The task
A partial copy is required: transcribe exactly the lines from the one containing "this 450×299 image." through the last line below, without any pictures.

[Items from a data source]
————————

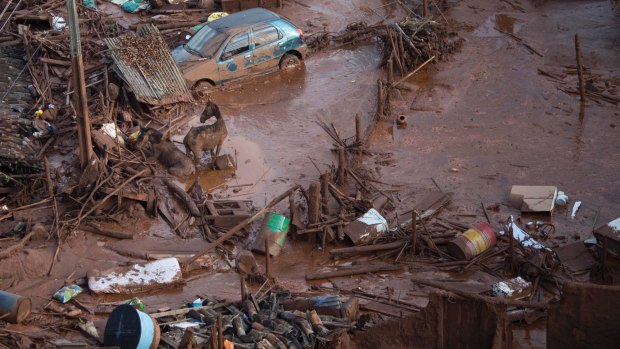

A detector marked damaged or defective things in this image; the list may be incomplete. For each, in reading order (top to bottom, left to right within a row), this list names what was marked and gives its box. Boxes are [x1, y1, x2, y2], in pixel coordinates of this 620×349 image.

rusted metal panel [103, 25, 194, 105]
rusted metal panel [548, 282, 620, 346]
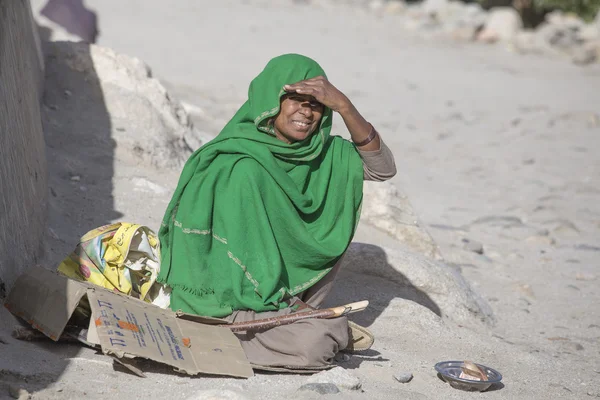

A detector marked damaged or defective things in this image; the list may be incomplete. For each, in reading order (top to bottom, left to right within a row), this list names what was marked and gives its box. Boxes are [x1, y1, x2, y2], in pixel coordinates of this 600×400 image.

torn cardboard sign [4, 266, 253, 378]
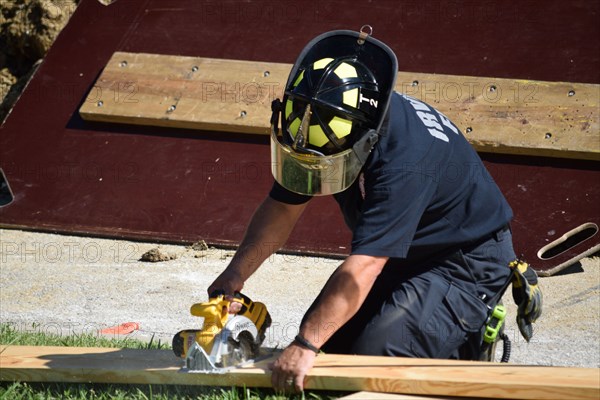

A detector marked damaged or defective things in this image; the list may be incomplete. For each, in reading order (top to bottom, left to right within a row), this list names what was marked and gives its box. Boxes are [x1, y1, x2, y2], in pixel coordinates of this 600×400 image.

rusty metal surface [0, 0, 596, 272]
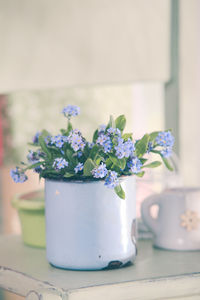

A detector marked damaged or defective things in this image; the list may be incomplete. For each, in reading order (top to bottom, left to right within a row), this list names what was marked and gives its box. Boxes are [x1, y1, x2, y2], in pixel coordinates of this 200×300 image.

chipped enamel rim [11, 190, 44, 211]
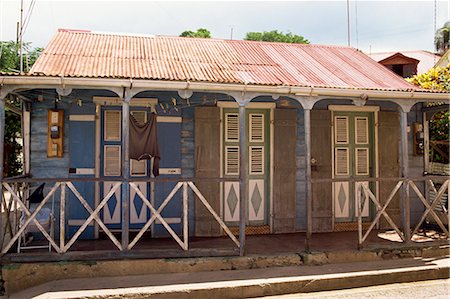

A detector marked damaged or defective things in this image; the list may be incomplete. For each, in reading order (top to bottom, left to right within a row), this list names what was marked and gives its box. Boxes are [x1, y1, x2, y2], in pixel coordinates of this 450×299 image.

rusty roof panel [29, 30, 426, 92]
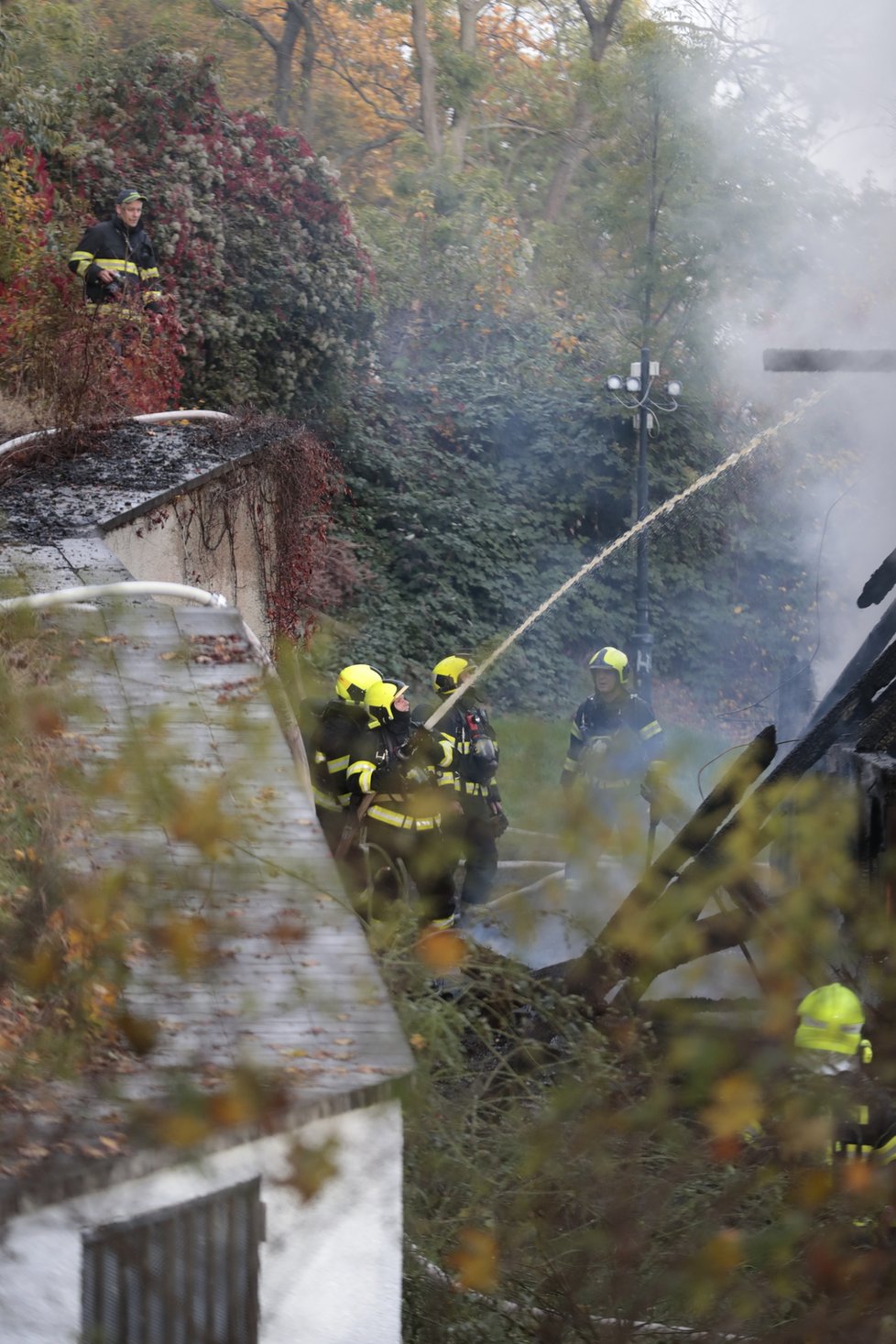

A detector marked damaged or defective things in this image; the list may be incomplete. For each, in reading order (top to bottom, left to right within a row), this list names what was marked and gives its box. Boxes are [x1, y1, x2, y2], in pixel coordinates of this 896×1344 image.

————————

Exercise result
A detector marked damaged or defective things in this image; the list may be incomplete. For each, in reading order (top to bottom, left to right within a row), this list names what was marked and gives its box. Boxes are [x1, y1, x2, y2], in pixel coordinates of this 450×299 image.

rusty roof panel [29, 30, 426, 92]

A detector marked damaged or defective things in this image; the list may be incomplete. For each, in reading order (top to bottom, left to right within a row), this list names what was marked and gives its box. Boxes are [x1, y1, x2, y2], in pixel coordinates of this 896×1344 image.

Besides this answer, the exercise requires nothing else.